Бабочка оставалась неуловимой.
— Признайся, что ты проиграла, — сказал Джорджио. — Я, может быть, помилую тебя.
— Ни за что!
— Признайся, что проиграла.
— Нет. Горе и тебе и бабочке, если я ее поймаю!
И она возобновила свои преследования с трепетным упорством.
— Вот она и улетела! — закричал Джорджио, потеряв из виду легкокрылую поклонницу огня. — Она улетела!
Ипполита не на шутку взволновалась. Игра возбуждала ее. Она вскочила на стул и обвела кругом глазами, отыскивая беглянку.
— Здесь! Здесь! — воскликнула она с торжеством. — Вот, здесь, на стене. Видишь?
Возвысив голос, она сейчас же пожалела о том, боясь спугнуть насекомое.
— Не двигайся, — шепнула она, спрыгивая со стула и повернувшись к возлюбленному. Бабочка сидела неподвижно на освещенной стене подобно маленькому черному пятнышку. С бесконечной осторожностью подкрадывалась к ней Ипполита, и ее прелестная гибкая фигура мелькала тенью по белой стене. Внезапно рука ее поднялась, накрыла мотылька и зажала его ладонью.
— Я поймала ее! Я ее держу!
С детской радостью торжествовала она победу.
— Как же наказать тебя? Я посажу бабочку тебе за воротник. Ты теперь тоже в моей власти.
И она делала вид, что хочет привести в исполнение свою угрозу, как в тот день, когда они бежали по холму.
Джорджио смеялся, покоренный этим неудержимым весельем, будившим в нем юношеские инстинкты.
Он сказал:
— А теперь садись и принимайся за свои фрукты.
— Подожди! Подожди!
— Что ты хочешь делать?
— Подожди.
Она вынула булавку, придерживавшую цветок в ее волосах, и взяла ее в рог. Потом тихонько приоткрыла руку, схватила бабочку за крылья и приготовилась проткнуть ее.
— Как ты жестока! — произнес Джорджио. — Как ты жестока.
Она улыбнулась, погруженная в свое занятие, между тем как маленькая пленница билась в ее руках помятыми крылышками.
— Как ты жестока! — повторил Джорджио более тихим, но серьезным голосом, заметив на лице Ипполиты смешанное выражение удовольствия и отвращения, словно ей было приятно искусственно испытывать и возбуждать свою чувствительность.
Джорджио вспомнил, как часто она проявляла эту болезненную наклонность к самовозбуждению. Никогда непосредственное чувство не подчиняло себе ее сердце: ни перед слезами и кровью богомольцев у храма, ни перед умирающим ребенком.
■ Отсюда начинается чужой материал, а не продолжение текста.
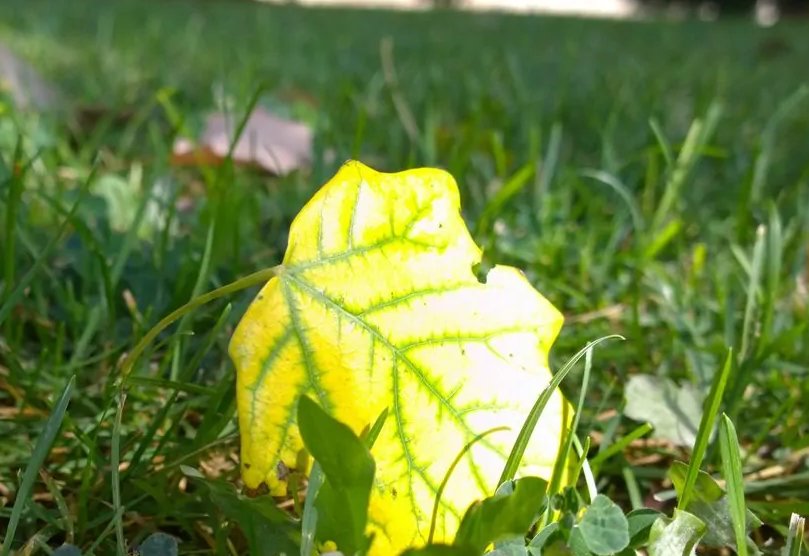 春来花自青,秋至叶飘零什么意思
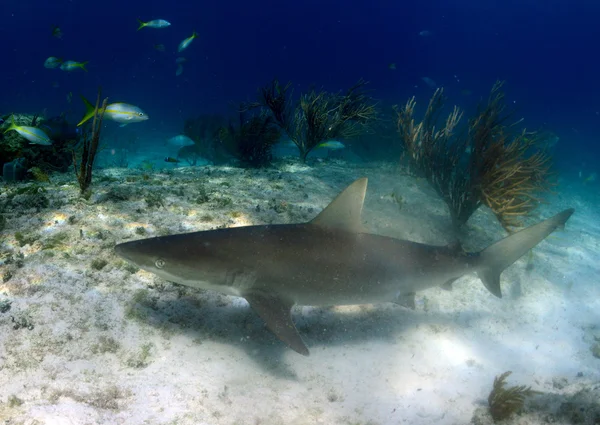 Tiburón en su hábitat natural — Foto de Stock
Он представлял ее себе ускоряющей шаги, чтобы присоединиться к толпе любопытных у парапета на Пинчио, разглядывающей следы, оставшиеся на мостовой после самоубийцы. «Жестокость таится на дне ее любви, — подумал он. — В ней живет какая-то разрушительная сила, особенно ярко дающая себя чувствовать в те минуты, когда она осыпает меня пылкими ласками». И перед ним возник страшный — подобный Горгоне — образ этой женщины в моменты страсти, он видел ее такой, какой она часто являлась ему — с полузакрытыми глазами в судорогах сладострастия или в недвижимости истомы.